In his words, the former junior athlete had become a "pisspot party animal" at university and beyond. But then he turned his life around at 24, after watching his contemporaries race at the Melbourne Commonwealth Games in 2006 and realising what he was missing.
Five years later, St Lawrence is 20kg lighter and on the fast track to his first Olympics in London next year. He could earn his place in the team as early as tonight, when he defends the national 10,000m championship against the likes of Craig Mottram at the Zatopek meet in Melbourne.
But the transformation did not come easily or quickly, which puts St Lawrence in the ideal position to advise others who have fallen into a sedentary lifestyle and want to regain some of the fitness of their youth.
"I'd been pretty inactive for quite a long time but I'd studied exercise science and been an avid fan of running, so I kind of knew the level I needed to get to, but I was a long way from that," St Lawrence recalled this week.
He began his campaign by taking a hard look at his diet, concluding that he needed to put the right fuel into his body before he could expect it to perform for him.
"I did a diet overhaul - started trying to eat mostly fresh fruit and vegies, good carbs, smaller meals, trying to cut out takeaways. That was the initial thing," he said.
"There's only so much the body can do running-wise coming from being completely sedentary, so I started fixing up my diet, and was running just a couple of times a week to begin with.
"And I bought myself a mountain bike and started riding places rather than driving."
St Lawrence began from "absolute scratch" with just two half-hour runs a week, covering four to five kilometres (he will run 10km at more than twice that pace tonight).
"It took a couple of months for my body to adapt and start shedding the pounds and being able to put up with the extra running," he said.
"Early on, I jumped in a bit too quickly and tried to do some hill repetitions (in the Blue Mountains, west of Sydney, where he lived) and I got through two of them and was on the ground throwing up and I got a migraine afterwards that lasted for hours.
"My body really wasn't ready for that high-intensity exercise. But I got up to running every second day. I had a little rule with myself that if I hadn't run yesterday, then I had to run today. I found that was a good little mind-trick.
"In the days I wasn't running, I was riding. They say you shouldn't increase the kilometres by more than 10 per cent a week, so it was just a gradual build-up."
However, the bigger challenge for St Lawrence was resisting the temptations of the party crowd who had become his social circle in his hard-drinking days.
"Initially I found it really hard not to go out drinking and to get to bed at a reasonable hour, just because of the friends I had," he said.
"So I started telling my friends what I was trying to do, and tried to get them to understand it wasn't anything personal. It wasn't that I didn't want to have a beer with them, I just didn't want to have beer. I'd be out with my friends and almost shaking because I didn't know what to do with my hands.
"If I was going out, I set myself a four-beer limit, and I would try to be home by midnight.

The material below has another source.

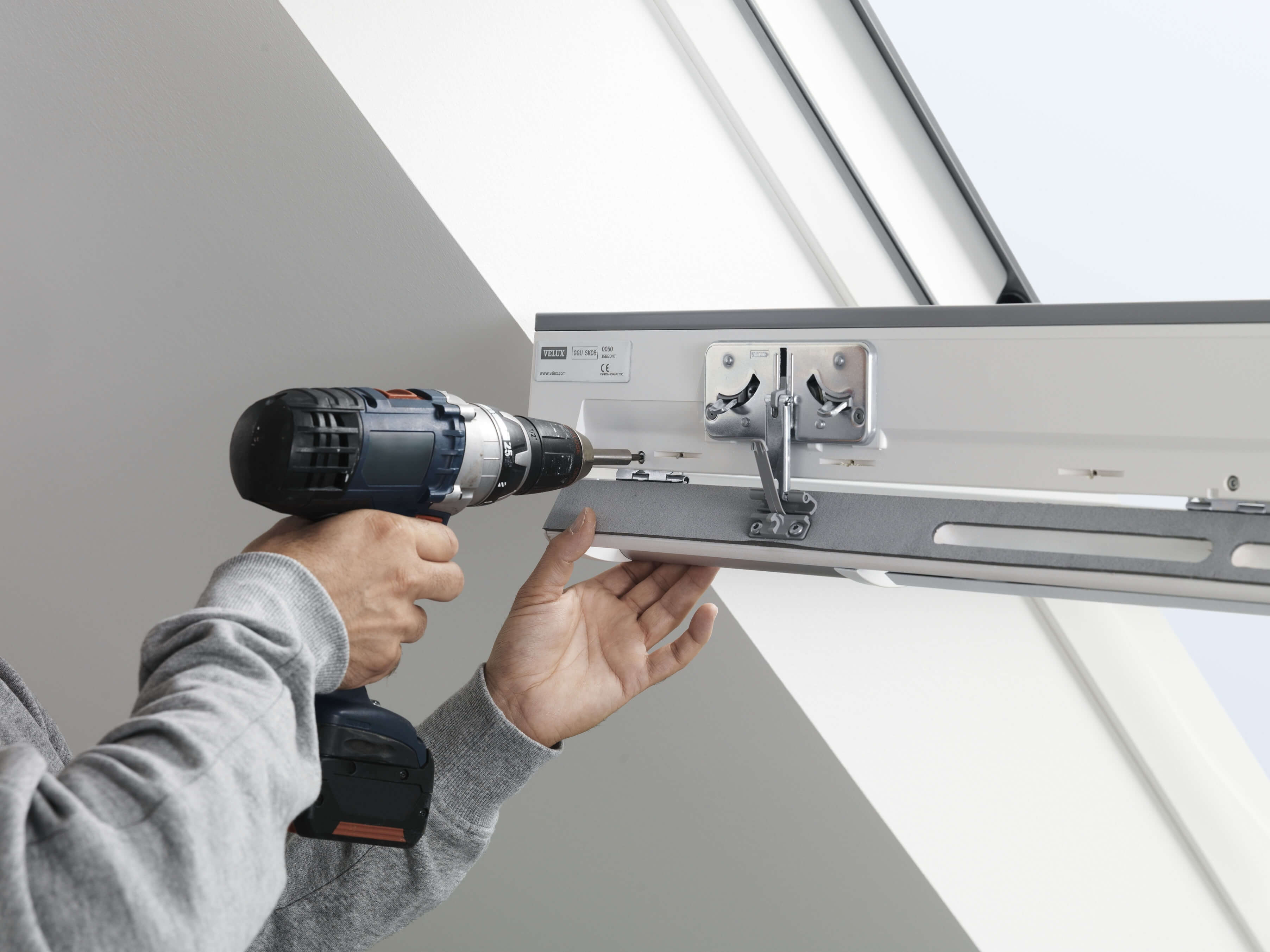 Nahaufnahme von Händen, die einen Bohrer verwenden, um einen VELUX Dachflächenfenster-Mechanismus zu installieren.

I'd have a couple of really good weeks, and then I'd have a blowout on a weekend. But slowly those blowouts happened less often, and my friends started to understand."
At the end of the 2006, after months working on his fitness, St Lawrence joined the Sydney training squad of coach Sean Williams - and that was a turning point.
"That's when running became part of my social life," he said.
"I would run with the squad four times a week, and sometimes we'd go out for dinner afterwards.
"In that squad, I was getting fitter, I was starting to drop the weight and I actually started to feel like a runner, rather than a pisshead party animal. It really helped to be around people who had similar goals."
It took him a full year of "false starts, and then a few good weeks, and then a blowout" to completely transform his lifestyle.
But four years after watching his former junior rivals compete for Australia in Melbourne, St Lawrence was at the Commonwealth Games himself, competing in the 5000m in Delhi.
This year he cracked the Australian 10,000m record in the US, setting a new benchmark of 27min 24.95sec, which puts him among the fastest 10 men in the world.
His 2006 self wouldn't recognise him.